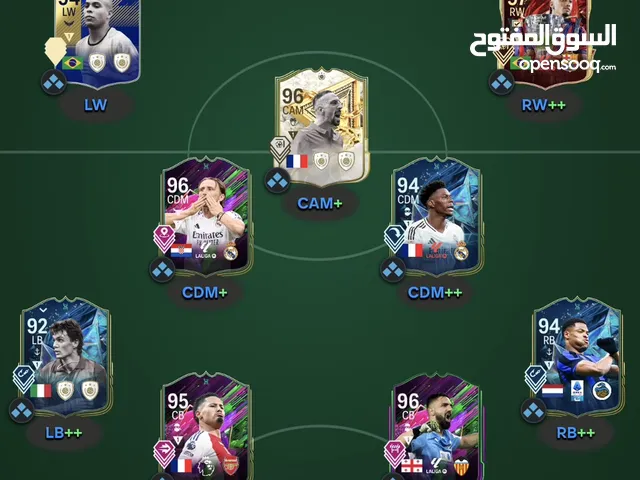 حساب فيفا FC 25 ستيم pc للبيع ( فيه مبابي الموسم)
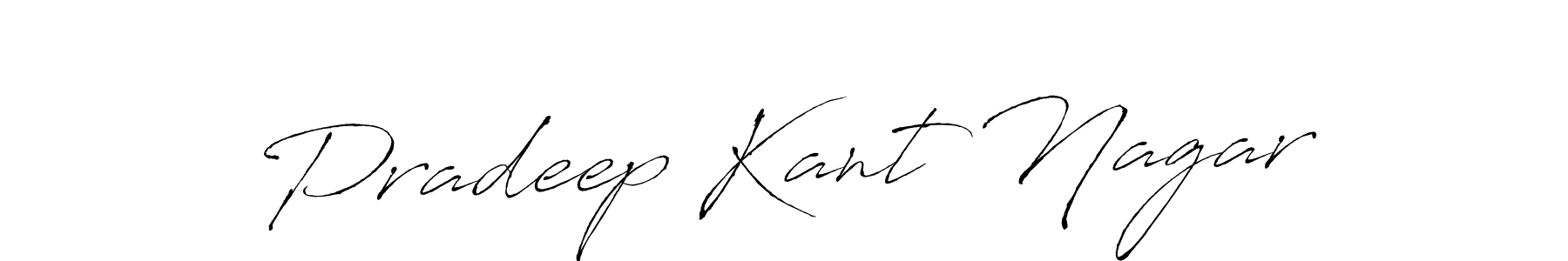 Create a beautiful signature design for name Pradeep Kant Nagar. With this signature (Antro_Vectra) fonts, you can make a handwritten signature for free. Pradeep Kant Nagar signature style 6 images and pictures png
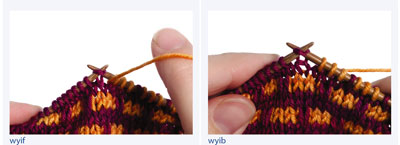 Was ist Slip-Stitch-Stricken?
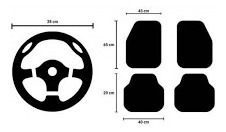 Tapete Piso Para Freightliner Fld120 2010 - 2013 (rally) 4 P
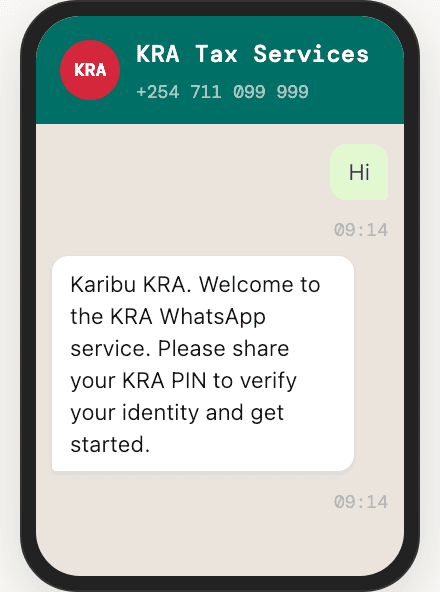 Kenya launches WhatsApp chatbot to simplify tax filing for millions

------------

What you should do:
Each record above is to be copied out exactly; its pictures are not.

Answer to this task:
 حساب فيفا FC 25 ستيم pc للبيع ( فيه مبابي الموسم)
 Create a beautiful signature design for name Pradeep Kant Nagar. With this signature (Antro_Vectra) fonts, you can make a handwritten signature for free. Pradeep Kant Nagar signature style 6 images and pictures png
 Was ist Slip-Stitch-Stricken?
 Tapete Piso Para Freightliner Fld120 2010 - 2013 (rally) 4 P
 Kenya launches WhatsApp chatbot to simplify tax filing for millions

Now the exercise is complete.